Flooding is a tower problem where it becomes difficult to obtain a net downflow of TEG liquid through the tower. Flooding may be caused by an excessive gas flow rate up through the contactor (jet flooding) or an excessive liquid flow rate fed to the contactor (downflow flooding):

  • In jet flooding, the high upward flow of gas entrains some of the TEG flowing across the trays and carries this TEG mist upward and out the contactor. At the same time, the differential pressure across each tower tray rises as the high gas flow passes through the restrictive tray valve openings. To match the high differential pressure, the liquid level in each downcomer rises in an attempt to increase the head pressure and force liquid onto the tray below. If the liquid level in a downcomer rises to the tray above, the head pressure provided by the liquid in the downcomer cannot increase further; liquid can no longer flow through the downcomers and across the trays. With the trays being unable to function properly, gas dehydration performance deteriorates sharply and the tower begins to rapidly retain liquid (i.e., the tower floods).
  • Jet flooding may also result if the flow rate of rising vapor is normal but tray fouling has plugged shut the openings on the bubble caps (thereby raising the differential pressureacross the tray).
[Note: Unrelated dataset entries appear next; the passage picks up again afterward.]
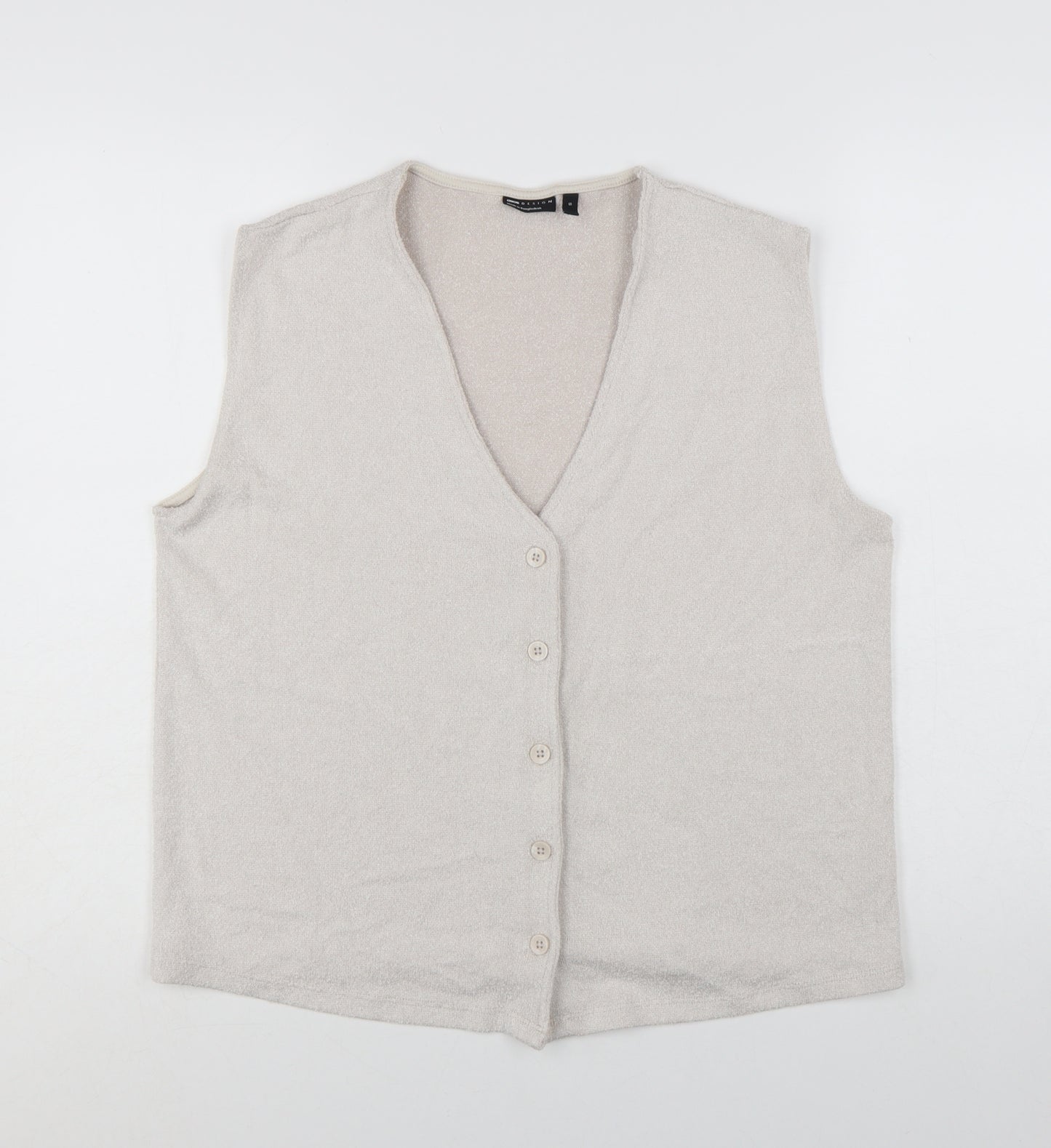 ASOS DESIGN Women’s Beige Sleeveless V-Neck Button Blouse Size S
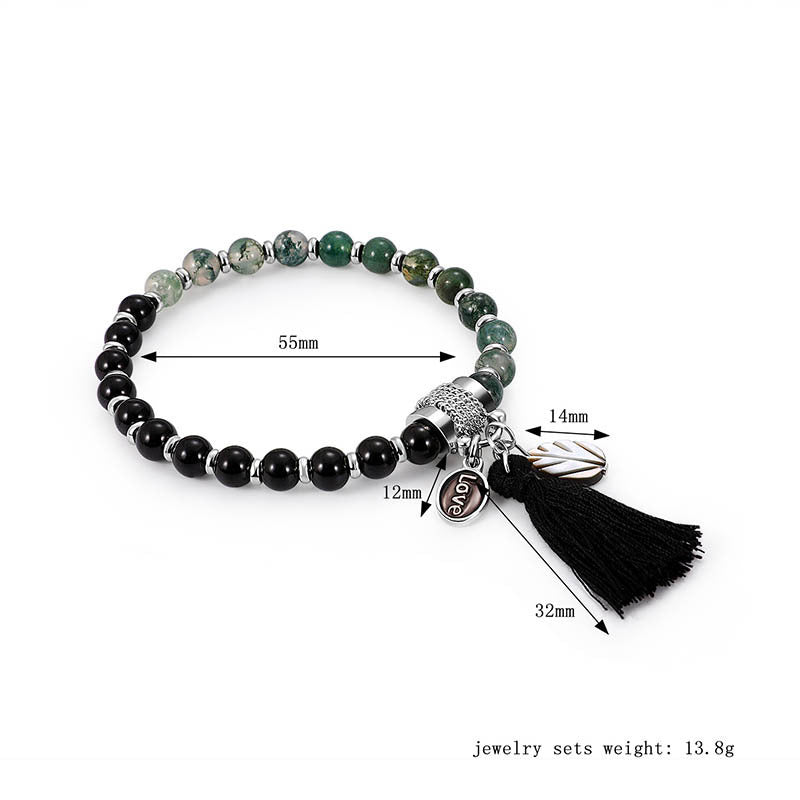 Black Agate Shield Bracelet - Grounding & Protection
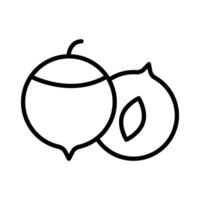 Hazelnut icon linear logo mark in black and white vector
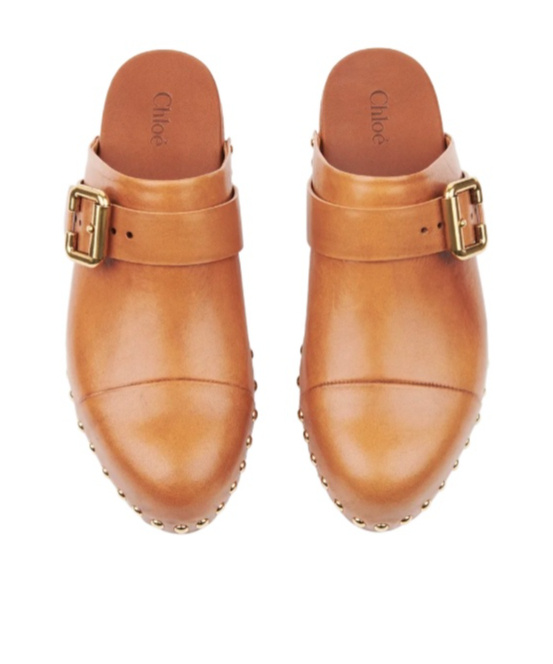 Chloé Calfskin Mules Bold Wooden Platform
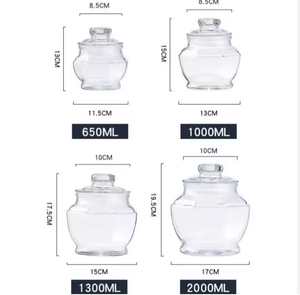 Bocal <span class=keywords><strong>en</strong></span> verre gaufré à rayures de 2000ml/650ml avec couvercle pour le stockage des <span class=keywords><strong>cornichons</strong></span> et des fruits secs, idéal pour les cadeaux, vente <span class=keywords><strong>en</strong></span> gros - Product Image 3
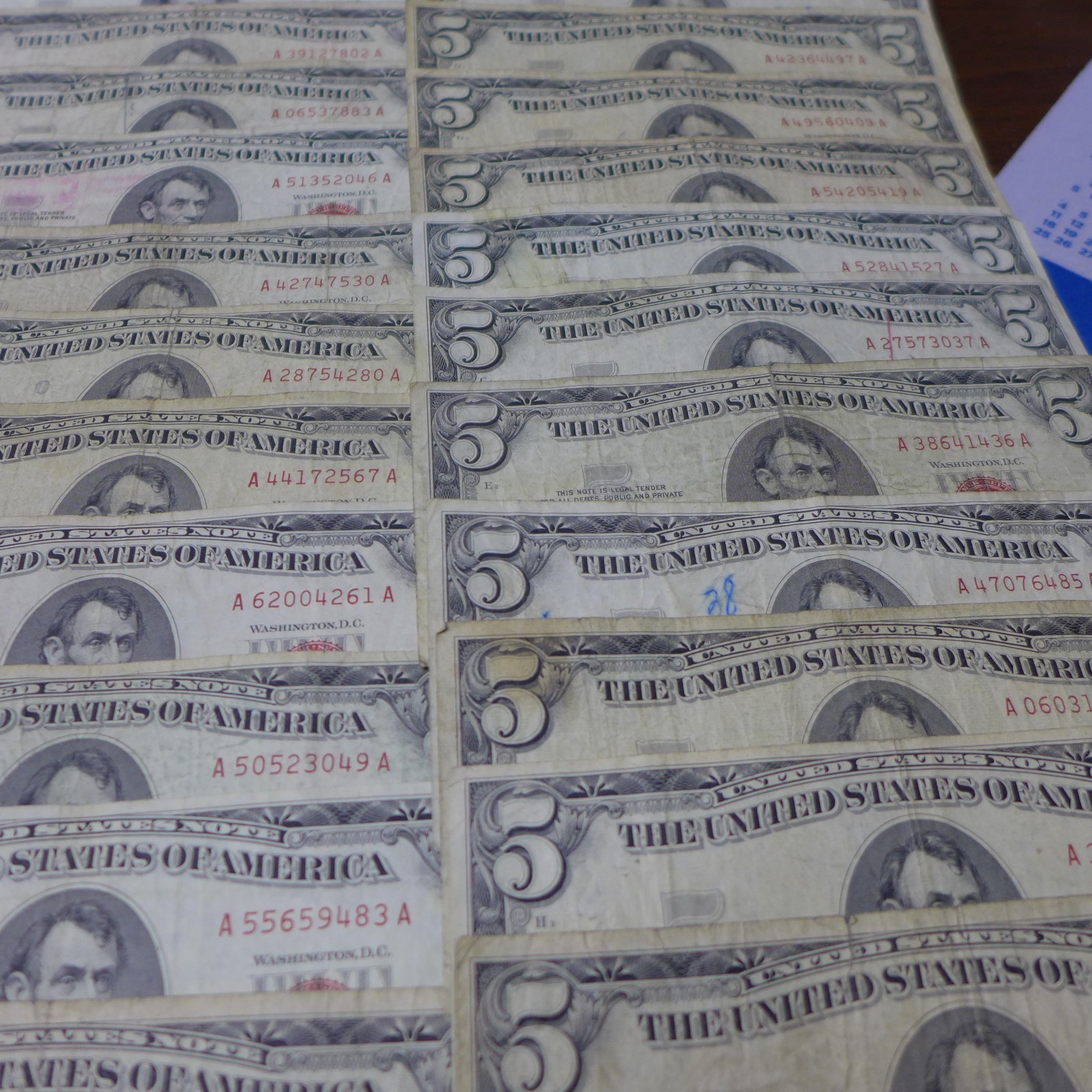 Lot of (50) 1963 Red Seal FIVE Dollar $5 Bills CIRCULATED BILLS - Culls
The gas velocity through the remaining unplugged bubble caps rises. In response, TEG liquid is entrained by the rising fast flow of gas (and the downcomer liquid levels rise). With the trays unable to function properly, the tower is at imminent risk of flooding.
  • In downflow flooding, the high downward flow of liquid exceeds the downcomers’ capacity to drain liquid from tray to tray. The liquid level in a downcomer rises to the tray above, resulting in high differential pressure across the trays. With tray-to-tray drainage lost, gas dehydration performance deteriorates sharply and the tower begins to rapidly retain liquid (i.e., the tower floods).

Foaming-based Carryover

The TEG foaming operating problem originates when TEG contaminant levels rise and increase the TEG’s tendency to foam:

  • Dissolved contaminants such as hydrocarbon liquids, leaked TEG pump lube oil, and byproducts of TEG degradation result in TEG foaming inside the TEG contactor.
  • Suspended particulate solids strengthen and stabilize the foam.

Tray fouling in combination with poor TEG solution quality can lead to foaming-based carryover, i.e., poor quality TEG entrained in the gas by jet flooding will form a stable foam in the TEG contactor.

The TEG contactor’s demister may be unable to break the TEG foam and coalesce the entrained TEG droplets resulting in TEG carryover out the top of the contactor. Foaming based carryover from the contactor is accompanied by high contactor differential pressure, loss of gas dehydration performance, increased risk of flooding, and the accumulation of TEG liquid in the contactor’s downstream sales gas filter/separator.

As a temporary relief against contactor foaming, the Control Room Operator can reduce gas flow to the contactors and notify the Area Operator to manually inject (via shot pot) a batch of antifoam chemical. Antifoam chemical can be injected into the TEG pump suction as the pumps discharge lean TEG to the TEG contactors.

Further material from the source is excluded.